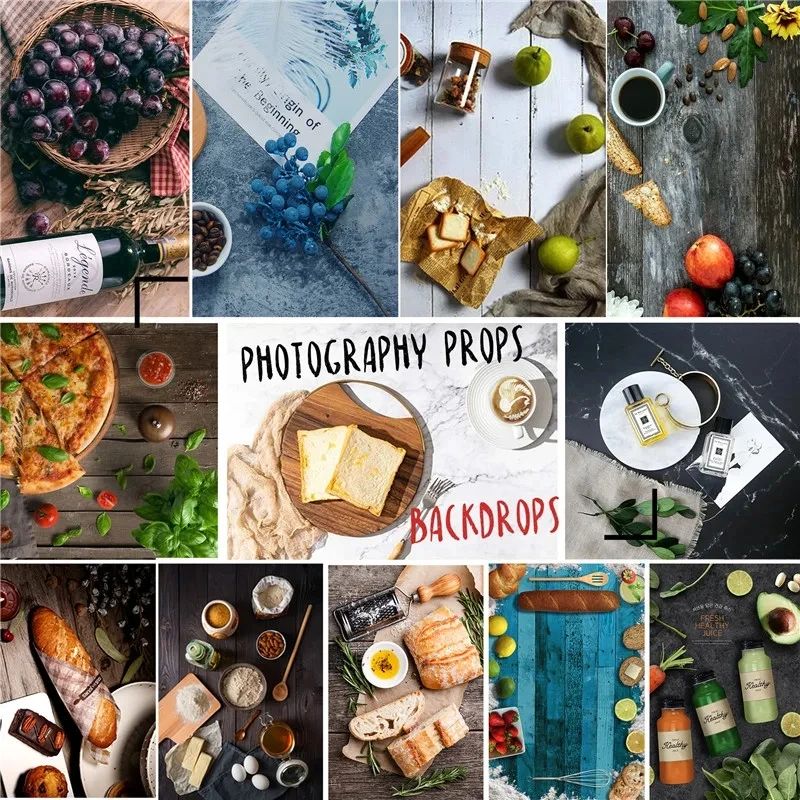 Tło fotograficzne z półkami na – Home Office Zoom Background recenzja i cena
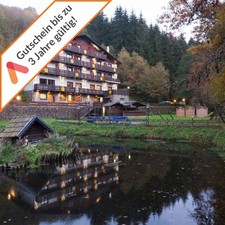 Kurzurlaub Vulkaneifel Wolffhotel 2 Personen 3 - 6 Tage Frühstück Sauna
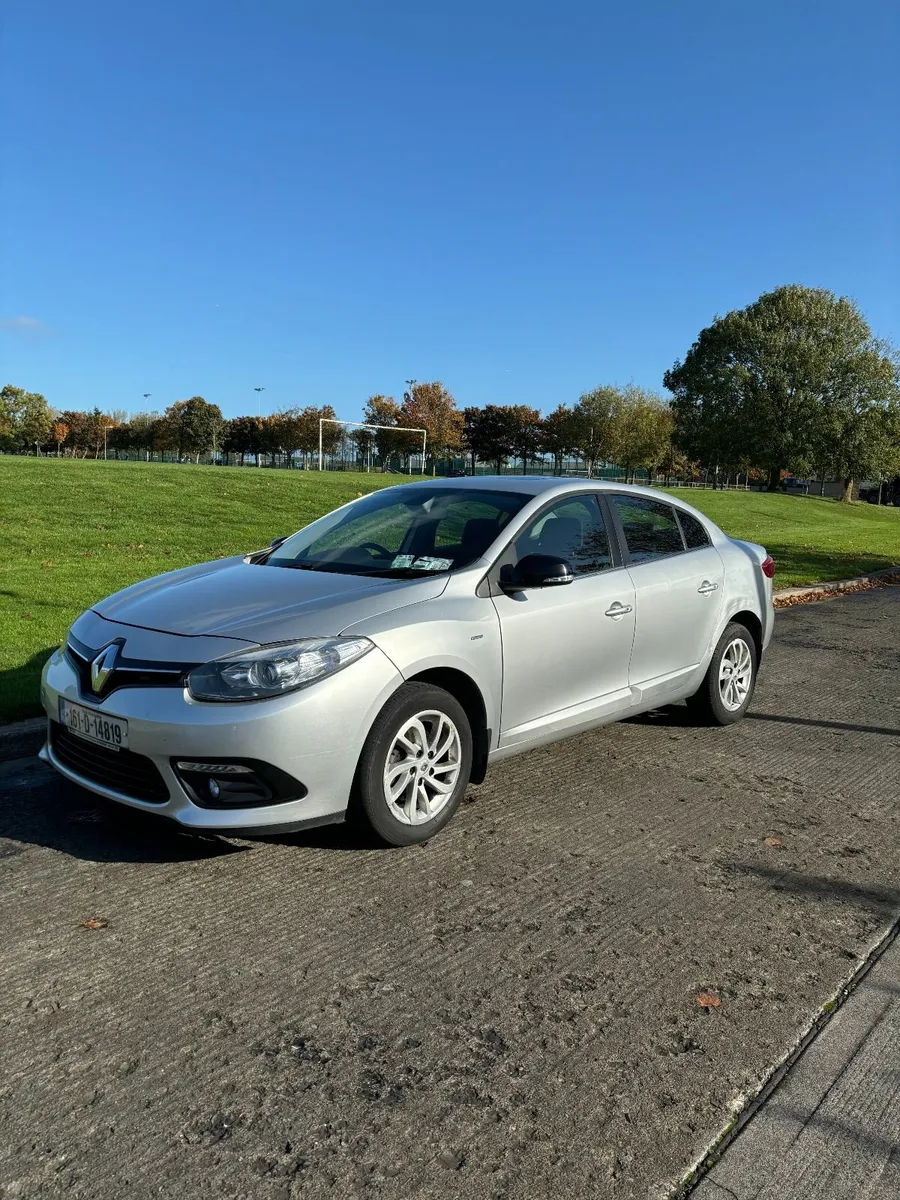 Renault Fluence LIMITED Ed. 2016 - Image 3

*Work instructions*. Reproduce everything above exactly, images excluded.

*Answer below*.
 Tło fotograficzne z półkami na – Home Office Zoom Background recenzja i cena
 Kurzurlaub Vulkaneifel Wolffhotel 2 Personen 3 - 6 Tage Frühstück Sauna
 Renault Fluence LIMITED Ed. 2016 - Image 3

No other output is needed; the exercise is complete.